For the past four days I have been at the the Cambridge Centre for Mathematical Sciences, a lovely new collection of ultra-modern pagoda-style buildings housing the best maths department(s) in the country. I was attending a workshop on protein structure (and writing it up for a journal). The workshop, incidentally, was the best scientific meeting I have ever attended. To my surprise, I stayed awake through 95% of all the seminars and understood 75% of the content.
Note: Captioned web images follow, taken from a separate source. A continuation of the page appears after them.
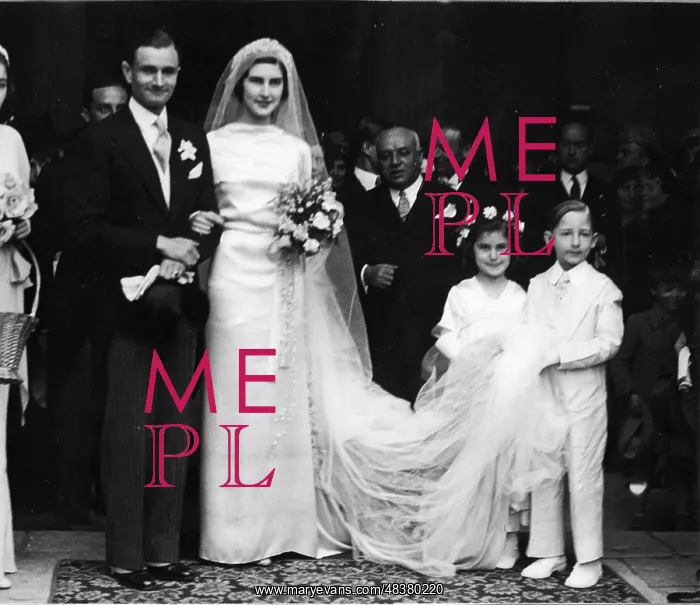 : Bridge, groom and guests, Rome : Bridge, groom and guests, Rome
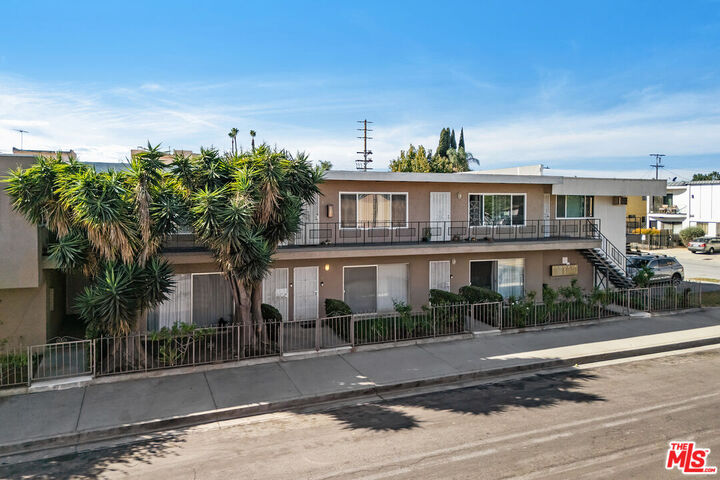Property Photo: 3102 S Canfield Ave CA 90034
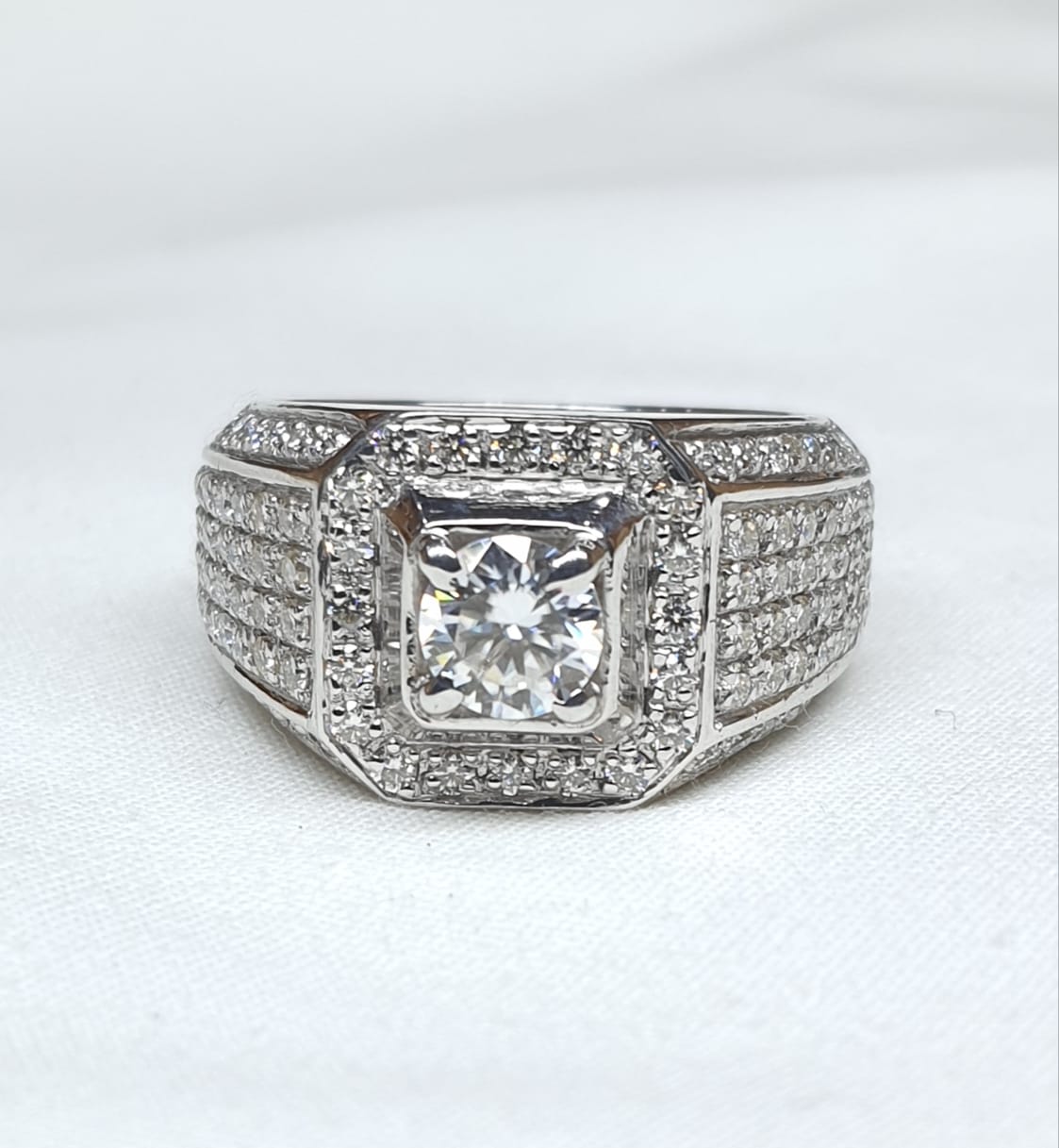 FJ 487 – Certified Moissanite Luxury Ring in 925 Silver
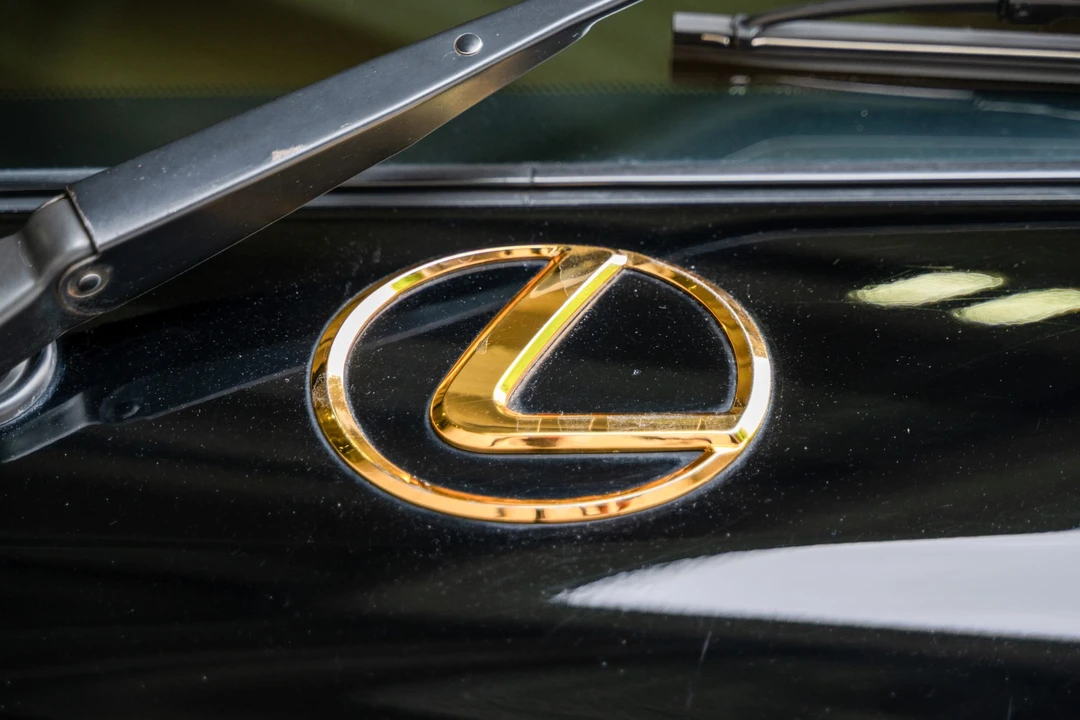 2001 Lexus LX 2nd Gen - Image 22 of 31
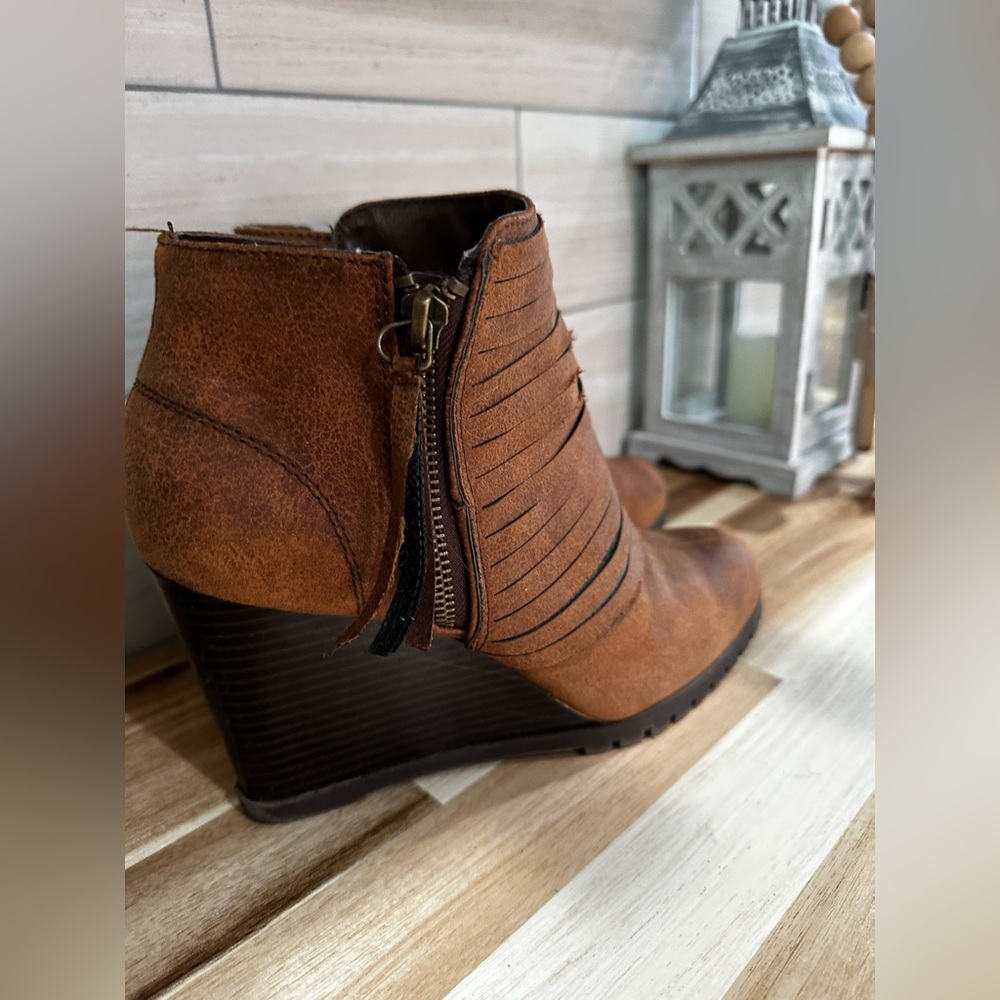 Wedge booties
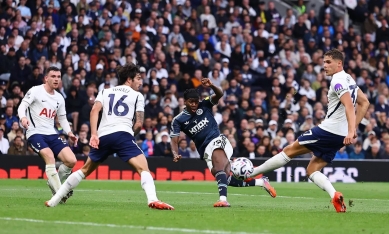 Tottenham chìm sâu khủng hoảng sau thất bại trước Newcastle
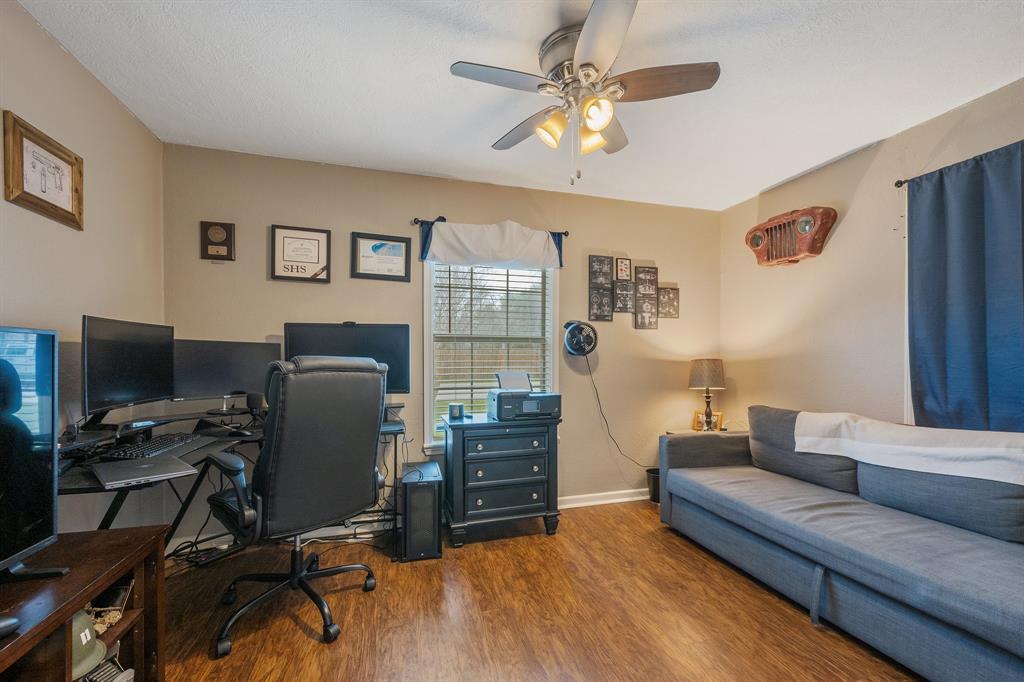 202 Park Place, College Station, Texas image 12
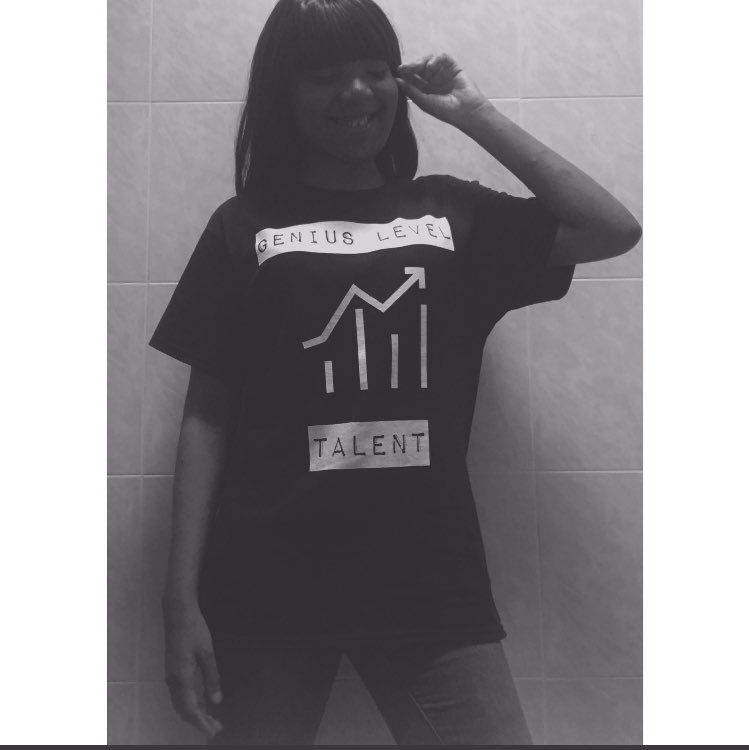 TheMogulGirl's tweet image. When you already have @sprint and @tidal &amp;amp; @S_C_ is dropping his  #444 album on 6/30/2017🙌🏽 #JayZ #GeniusLevelTalent #TidalXSprint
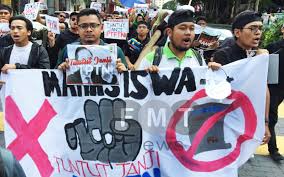 Kapitan'ın kuala lumpur'daki konutu, bugün jalan tun hs lee olarak bilinen kuala lumpur'un çin mahallesi'ndeki high street'te bulunuyordu. Students March Against Traffic Demand Ph Fulfil Ptptn Promise Free Malaysia Today Fmt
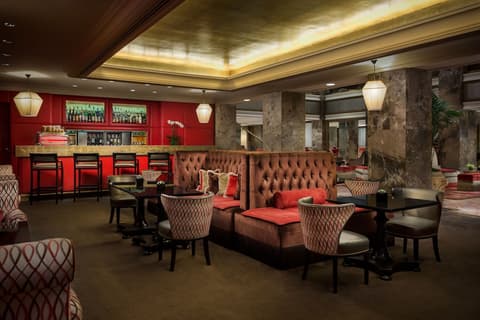 The Michelangelo Hotel, Breakfast area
This is, I suspect, exactly the sort of thing my parents think I get up to for a living. Observing from a secret camera, they would have seen me standing near to people with Russian, Japanese, Italian and Oxbridge accents scribbling things on chalkboards and talking about probability distributions. Most science is the very dull business of coding, doing experiments and writing up the results. Discussing real scientific problems takes up a relatively small fraction of most practitioners’ working time. In fact my head hurts from hours and hours of unbroken thinking. The part of me that always stands outside my professional activities was slightly worried when, during one of the sessions, I managed to raise a laugh with a joke about a particular example of sampling bias.
Much as I am in awe of their specialist understanding—technically, I have a degree in physics, but my maths is shit—the mathematicians of Cambridge University were something of a disappointment. Apart from one guy with a mop of unkempt hair rocking back and forth next to a drinks machine and someone else playing card patience in the canteen whilst having a conversation with himself, the population of the maths campus was shockingly normal. There were even women around. The vast majority of the inhabitants had socials skills and clean, ironed clothes.
Perhaps they are stunt mathematicians, charged with performing the dangerous everyday tasks that the university deems too risky for valuable employees blessed with Asperger’s. Meanwhile, the real nerds work away safely in their offices.